尚この曲に関しては、サントリーホールの『CMG(ChamberMusicGarden)』などで何回か聴いた事が有ります。その内2022年のロシアの『アトリウム弦楽四重奏団』の演奏を聴いた時のHUKKATS記録を参考まで、文末に抜粋再掲しました。
《この11番の後、14年間も弦楽四重曲が作られなかったことに関して》
この曲は、べートーヴェンが1810年代初頭に書いた中期カルテットの最後の弦楽四重奏曲で、その後14年もカルテット曲は書きませんでした。この曲以降べートーヴェンは、もっと重要なやり甲斐のある曲の制作に向かった様子は無くて、この間、彼は、1810 年に「エグモント」を作った以降は、今日ではほとん顧みられない劇付随音楽の作曲や、バッハの「平均律クラヴィール曲集」のカルテットへの編曲や、また1811年のピアノ三重曲「大公」が最後の三重曲の完成版となり、1810年以降は僅かに1814年の「ピアノソナタ27番」や1816年の「同28番」、1818年の「29番ハンマークラヴィ-ル」を書くのに精を出したのでした。カルテットは嫌やになってしまったのでしょうか? 若しこの11番が、上手く書けたとべートーヴェンが思ったならば、上記の様な分野の(こう言っては何ですが)例外的なピアノソナタを除き、大部分の些末な作品達に気を取られないで、引き続き次の弦楽四重奏曲を書き続けたに違いないと個人的には思うのです。

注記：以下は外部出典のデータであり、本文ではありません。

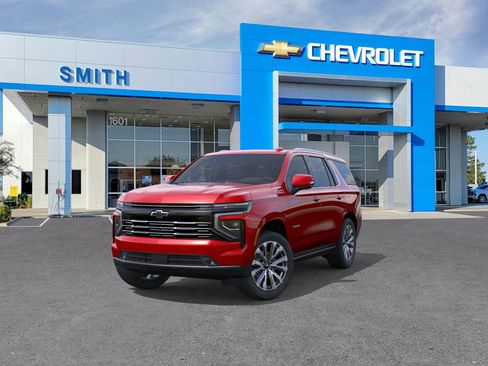 New 2026 Chevrolet Tahoe High Country image 8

そう考えてこの曲を聴くと、部分、部分のべートーヴェンらしい素晴らしい箇所はいろいろあったとしても、全体的には、何か物足りなさ、つまらなさを感じてしまうのでした。今回の演奏を聴いても、昨年6月の「エリアス弦楽四重奏団」や一昨年の「アトリウム弦楽四重奏団」の演奏を聴いても、何か釈然とした全体像には聞こえず、やはりべートーヴェンとしては、満足の行かない曲だったのかな?と気になるところです。

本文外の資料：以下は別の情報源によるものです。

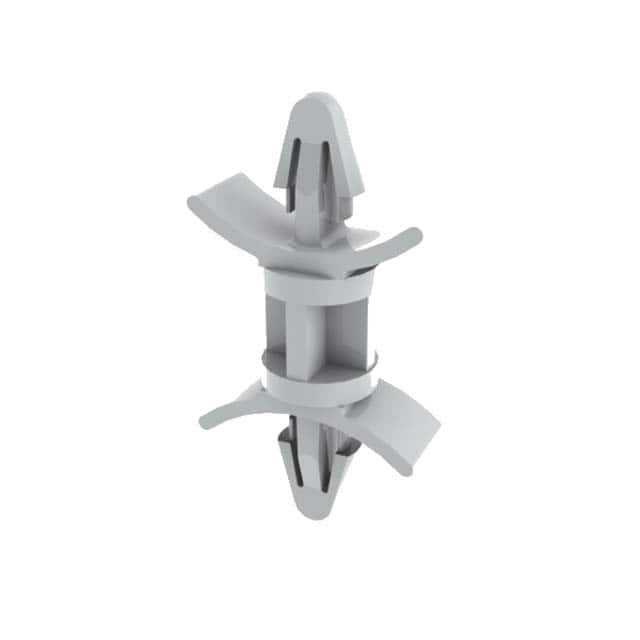 DLCBS-12-19 BRD SPT SNAP LOCK NYLON 3/4"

でもこの頃(1810年頃)彼の耳の難聴はひどく進行していたと思われ、交響曲も1812年までに第8番までを完成させた後は、次の最終曲第9番《合唱つき》を作曲するまで、12年を要した訳です。ピアノ協奏曲も1809年に「皇帝」を作ってからは、完成版はそこまででした(1815年の6番の試みは頓挫でした)。体調の不具合も影響しているに違いありません。
またそれ以外の要素としては死後発見された「不滅の恋人」のラヴレターが1812年頃という鑑定が出たそうですから、それも影響したのかも知れませんね。

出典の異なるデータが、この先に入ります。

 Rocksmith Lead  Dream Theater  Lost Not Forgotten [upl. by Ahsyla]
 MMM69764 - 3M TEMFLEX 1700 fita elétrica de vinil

③ヤナーチェク:弦楽四重奏曲 第1番「クロイツェル・ソナタ」
それぞれの楽章は、(曲について)②上記したトルストイのクロイツェル物語」を展開どおりに音楽化しています。つまり、主人公が妻の不倫を知って苦悩する場面から開始楽章が始まり、終楽章で妻の殺害に至る場面まで。
全四楽章構成でした。
第1楽章 Adagio
第2楽章 Con moto
第3楽章 Con moto – vivo – andante
第4楽章 Con moto (adagio) – più mosso
演奏を聴いた感想としては、こうしたたぐいの曲は、自分の耳には違和感が強く良くなじめませんでした。曲のストーリーと作曲者自身の不倫とが重なって思えて、そうした内容を自慢げに語る姿を受け入れられませんでした。第三楽章冒頭のVa. と2Vn.の不協和音的調べなど狂気冴え感じられました。従ってじっくり聞く耳を持たなかったので、各楽章の演奏の内容は、配布されたプログラムノートを引用するにとどめたいと思います。
第1楽章 Adagio
冒頭Adagioの絶望感に溢れた短い主題、そして後続Con motoの舞曲風の旋律が第1楽章では 交互に繰り返されながら発展していく。前者に現れる音型はモラヴィア、後者はロシアの民謡 を想起させるが、いずれにせよ民族的な語法が作品に用いられている。
第2楽章 Con moto
妻を誘惑するヴァイオリニストの男を表したと思われるヴィオラの挑発的な旋律の後に、不 気味なトレモロがスル・ポンティチェロで演奏され、主人公の焦燥感や苛立ちが読み取れる。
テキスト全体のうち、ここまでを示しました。